Looking for thoughts on dealing with subordinates who don't respect diversity or the chain of command.
Let's call the employee "Dude" and his manager "Lisa." Dude used to be a project owner with this particular client, but now Lisa is, and Dude is a team member. Dude has been trying to circumnavigate Lisa and talk directly with the clients, even though that's now Lisa's job. Dude's rationale is that he has relationships with the client, but Lisa also has good rapport with them, and, again, SHE is the project owner now. Dude continually undermines her at meetings and refuses to accept her point of view.
Lisa met with Dude privately to talk about how they might communicate better. Dude told Lisa that he acknowledges he undermines her, but he has anxiety about the project's success. He also told Lisa that she explains things too thoroughly. Lisa told him that she isn't at all worried about the project and, in her Latin culture, people like to explain things thoroughly. Dude said, "Well, in my culture we like to read between the lines."
Lisa also told Dude it was important to her that he recognizes her credibility and gives her a seat at the table. (Don't worry, I already told Lisa she shouldn't be asking for a seat at her own table, and she agreed!) In the end, they both said appreciated maintaining open lines of communication with each other, but Lisa felt not much headway was made.

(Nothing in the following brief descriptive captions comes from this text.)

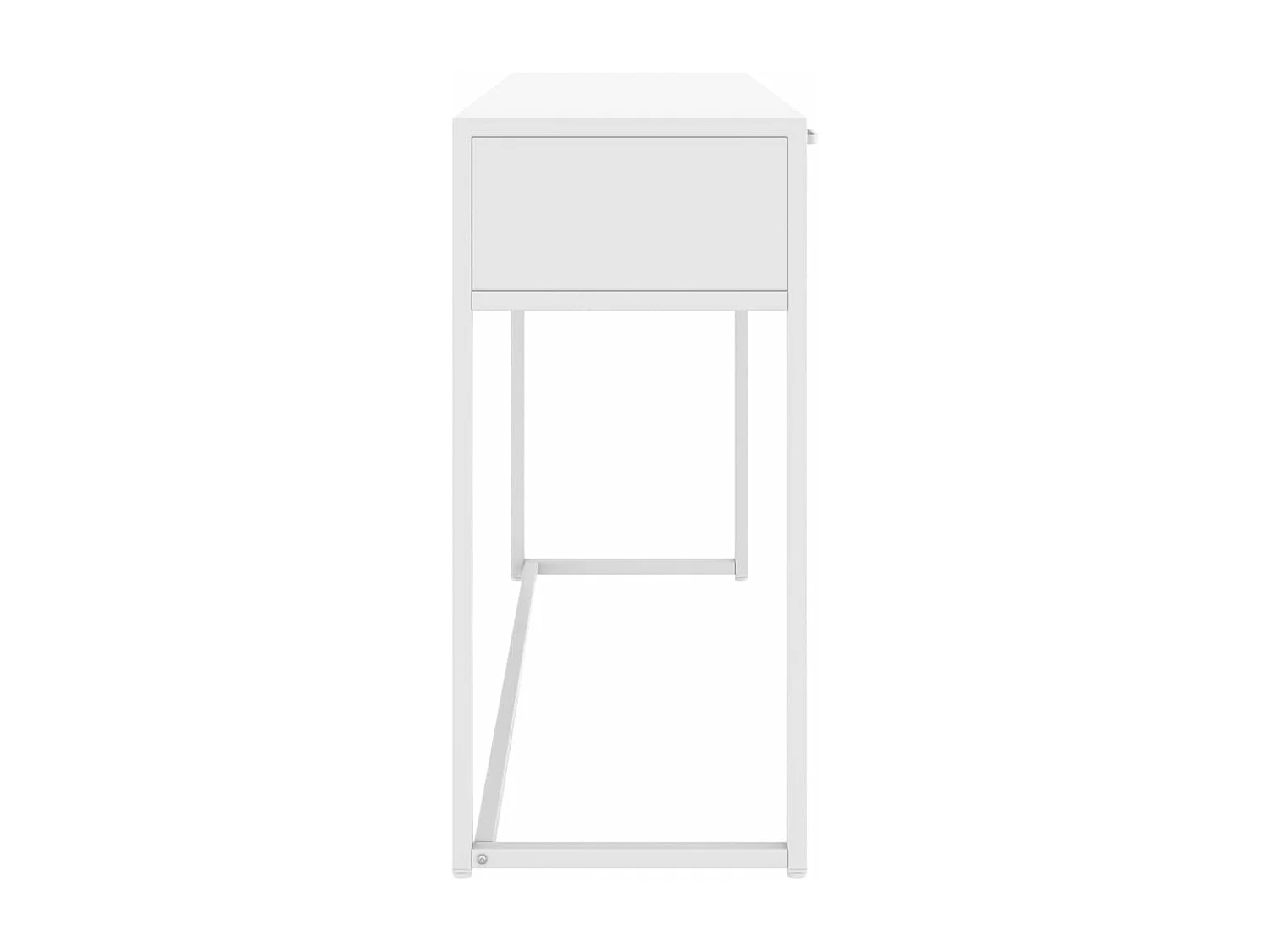 Mesa consola de acero blanca 106x35x75 cm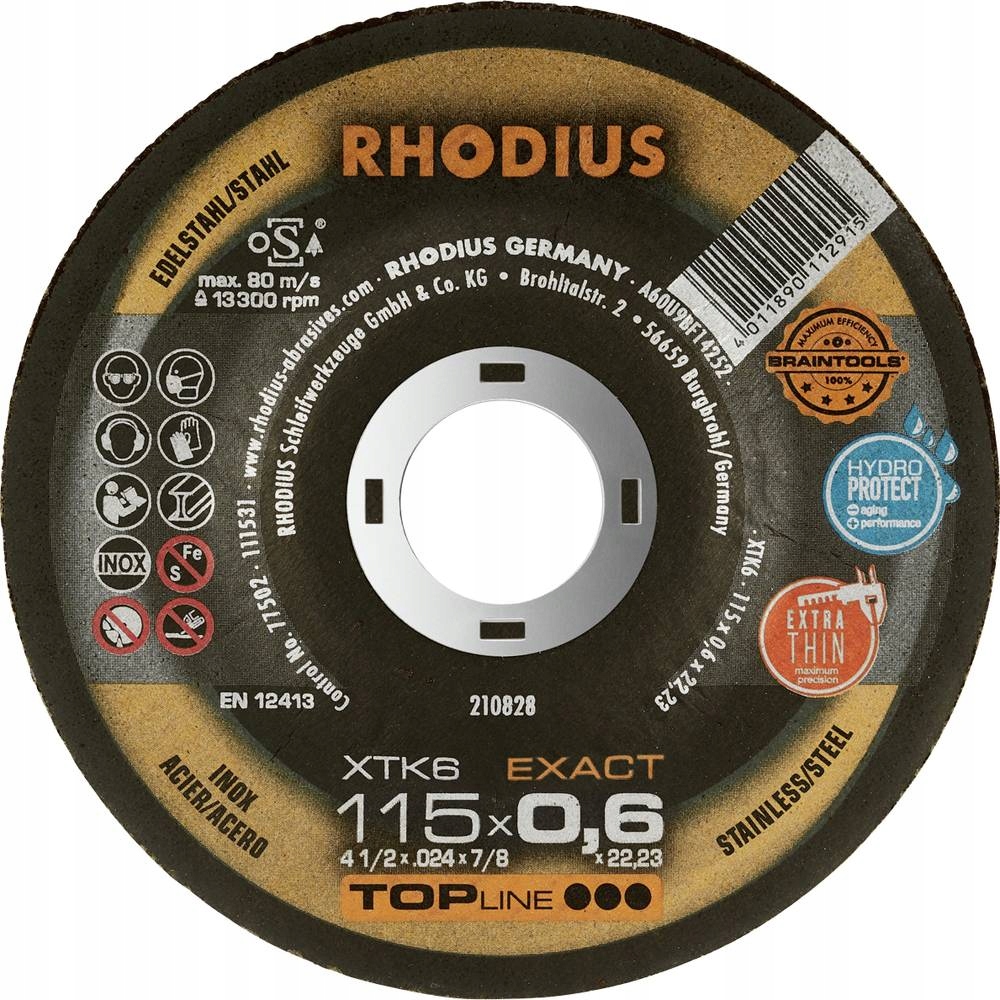 Řezací kotouč zahnutý Rhodius XTK6 Exact Box 211301 115 mm 10 ks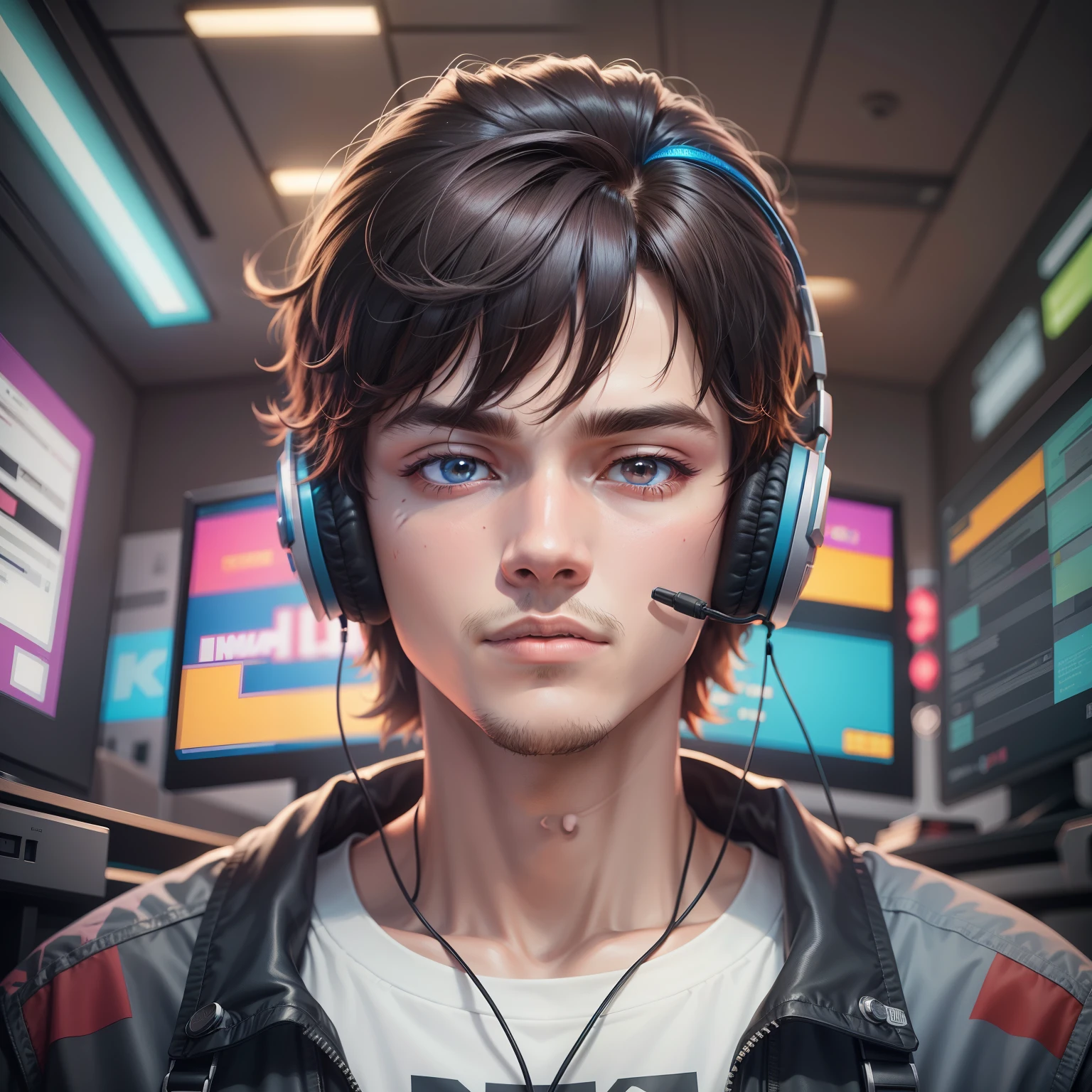 a man, 20 years old, gamer, streamer, he's using a headset, pov, 1990 anime style, high quality, 8k, vibrant colors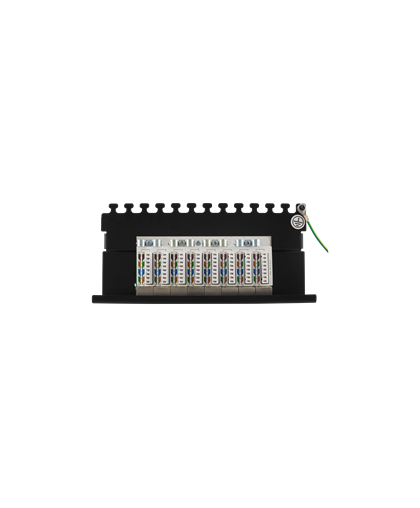 DELTACO Patch Panel, 8xRJ45, Cat6a, Wall Mountable, 10Gbps, Krone Terminals, Metal, Juodas / PAN-211 – 6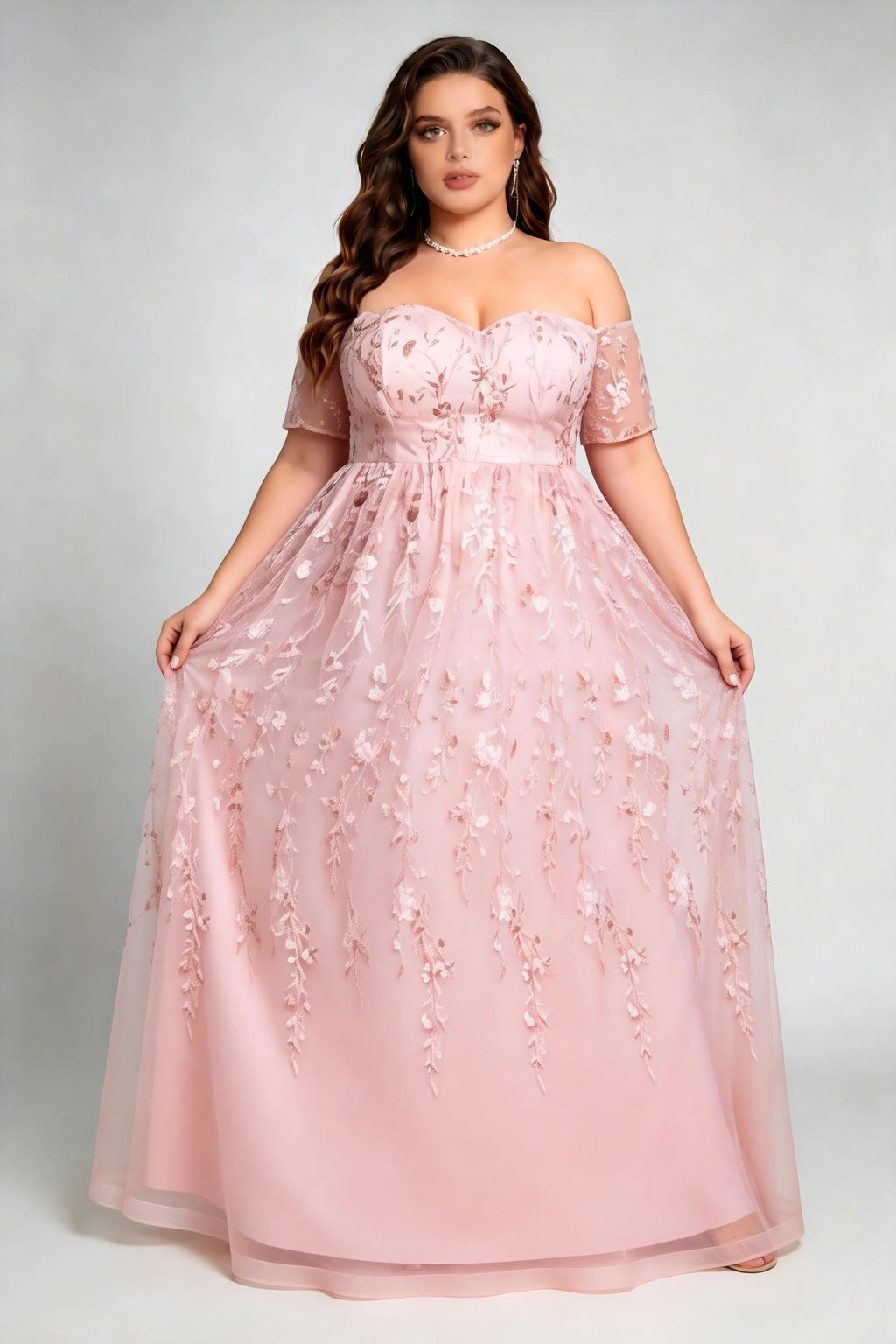 Plus Size Blush Pink Floral Embroidery Off The Shoulder A-Line Evening Gown Short Sleeve Formal Prom Dress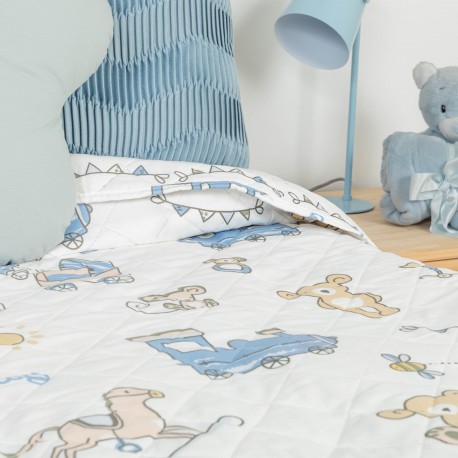 Colcha bouti Nico azul celeste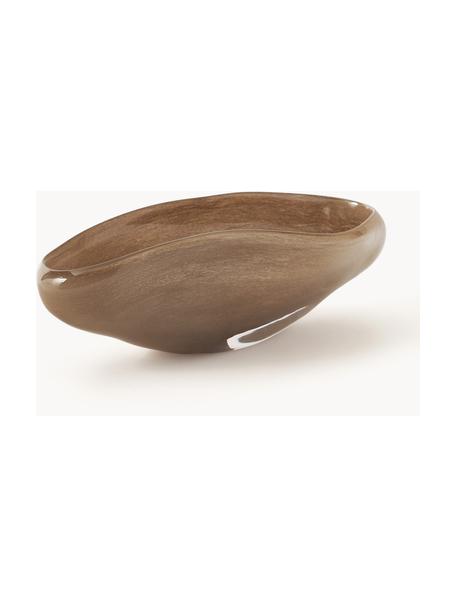 Handgemaakte decoratieve schaal Ashley van glas, Natronkalkglas, Taupe, B 43 x H 11 cm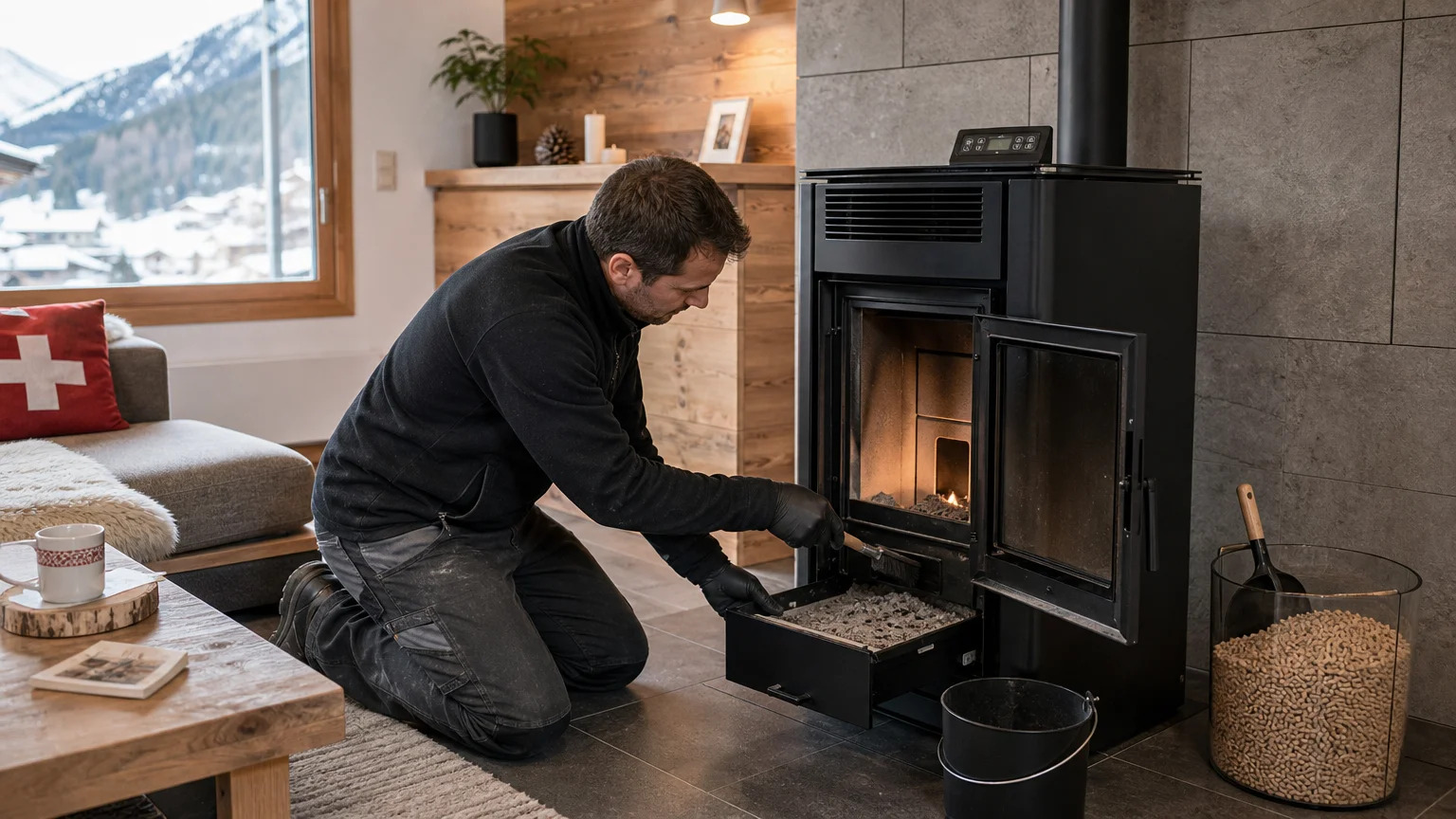 Personne nettoyant le foyer et le cendrier d'un poêle à pellets avant l'hiver
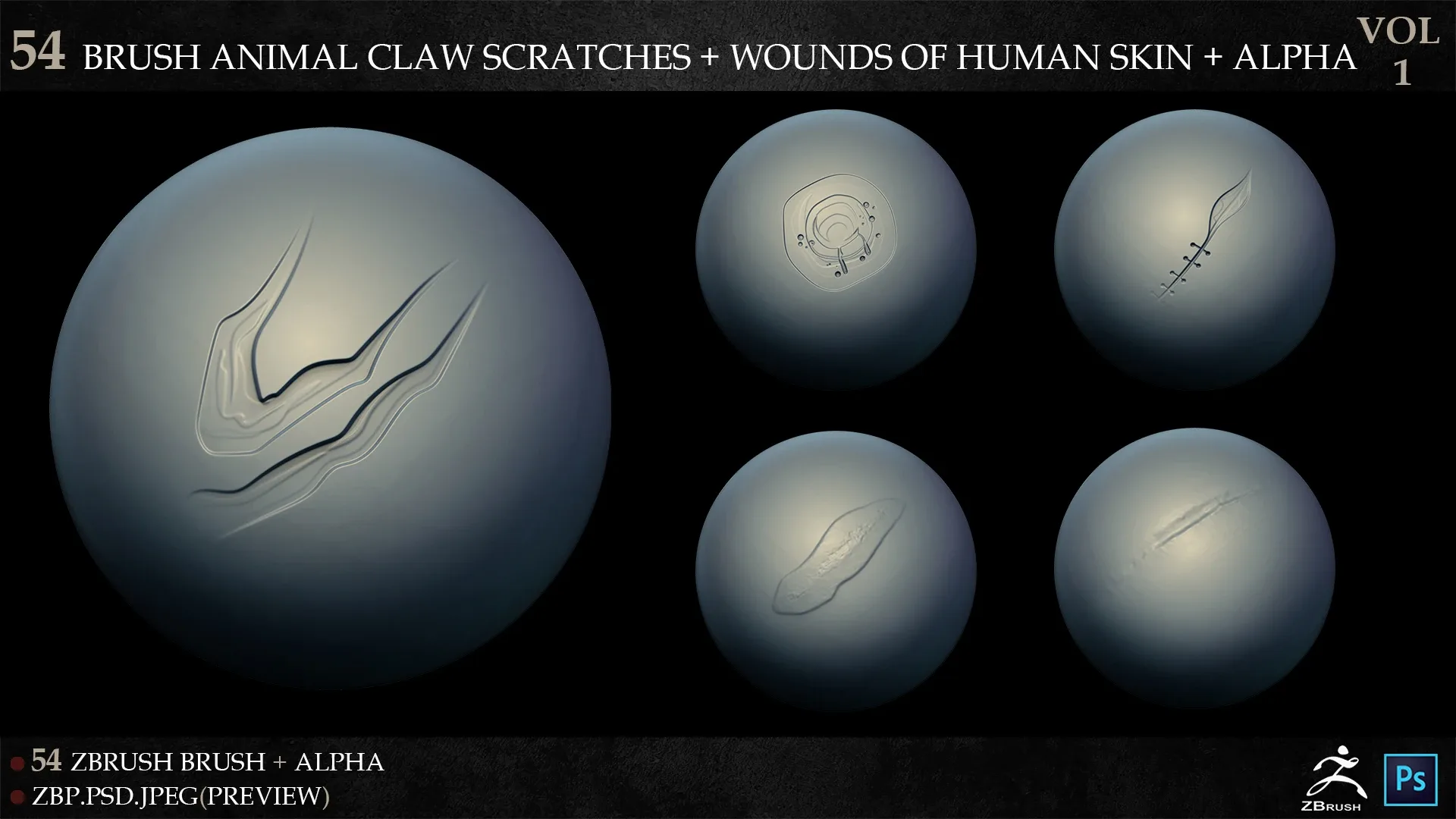 54 ZBRUSH ANIMAL CLAW SCRATCHES + WOUNDS OF HUMAN SKIN + ALPHA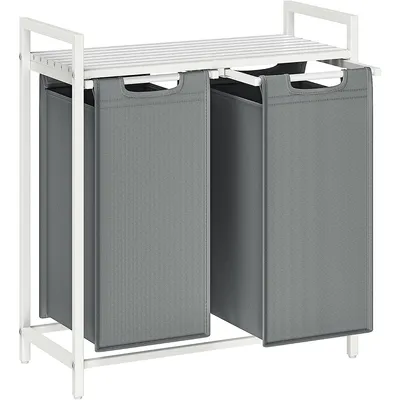 Laundry Hamper With 2 Removable Bags, Metal Frame, White/light Gray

Lisa ended the meeting feeling livid that Dude admitted he deliberately and consciously undermining her during meetings. She doesn't feel the conversation moved the relationship forward at all or changed how they would interact at meetings. At the same time, she feels it's important to play nice with Dude because his team is important for internal partnerships, even though Dude has a reputation for being difficult.
What advice would you give this person? Have you been in the same situation? What did you do? How do you help a difficult person like this to see the value of your ideas (or think your ideas are their own)?